Bu kitabı düşünmek üzerime bir ağırlığın çökmesini sağlıyor. Okuması da zor ve birçok nedenle beraber kasvetli havası sebebiyle akıcı olmanın aksine, kendimi okumaya heveslendirmeye çalışmamla elimde sayfalar ilerledi. Yazardan yine yüreğime dokunacak bir roman bekliyordum ama bu seferki daha çok sadece son kısımlarda boğazıma bir yumru oturtup, ısrarla gözlerimi doldurmanın aksine beni düşüncelere boğan türden doldu. Son zamanlarda şansıma sürekli karakterlerin acizliğiyle içimin yanmasını sağlayan kitaplarla sınanıyorum. Ömer karakteri sağolsun kitabı aynı şekilde davranışlarıyla ve her yaptığı hatayı içindeki şeytana atmasıyla nasıl bir sonuca varacak diye gitgide büyüyen bir merakla okumamı sağladı. Macide ile aralarında geçen şeyler önce samimiyetiyle ve Ömer'in içten aşkı sayesinde takdirimi kazandı, sonrasında çatışan fikirlerle birlikte beni de darlamaya yetti. Hafız Bey ile Ömer arasında geçen husimet ise büyük bir ders niteliğindeydi.

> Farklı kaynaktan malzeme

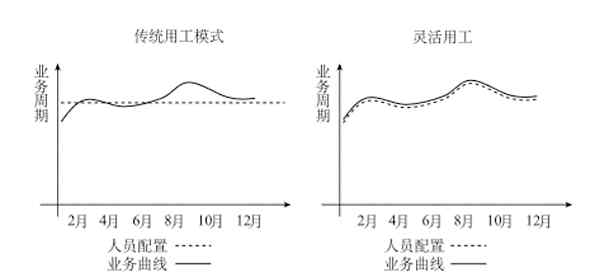 人瑞集团 组织赋能 降本增效—人瑞集团灵活用工经典案例解读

İçindeki bütün yıkıntılara, bütün kederlere rağmen başını yere eğmek istemiyordu. Matemini ortaya vurmadan tek başına yüklenecek ve yeni bir hayata doğru yürüyecekti.

Pek iç açıcı bir kitap değildi. Okuması da oldukça ağır ve hafiften boğucu bir tipti. Bunları eleştiri için değil, aksine bana farklı hisler yaşattırdığı için belirtiyorum. Sonlarına doğru içimdeki heyecan daha da arttı. Açıkçası o son iki bölüme kadar kitaba karşı içimde çok büyük bir beğeni arzusu mevcut değildi fakat ne zaman ki boğazım düğümlenmeye başladı; o zaman satırları daha büyük bir dikkatle okuyarak tekrar tekrar manalar yükledim. Macide karakteri de çaresizliğiyle içimde nukte bıraktı. Bedri desen o fedakar halleri bile düşününce kitapta en beğendiğim unsurlardan biriydi. Olay gidişatı olarak ağır ve uzun paragraflar süren konuşmaları yüzünden ısrarla yavaş okunan bir romandı ama insanın isteyince gerçekten kendine güzel dersler çıkarabileceği ve büyük manalara varabilecek derecede ders vericiydi. Yazar sağolsun yine içimi buruk bırakıyor ama artık onun tadına alışmış durumdayım. Yine çok ama çok beğendim. Bir an önce cüret edip okumanızı öneririm.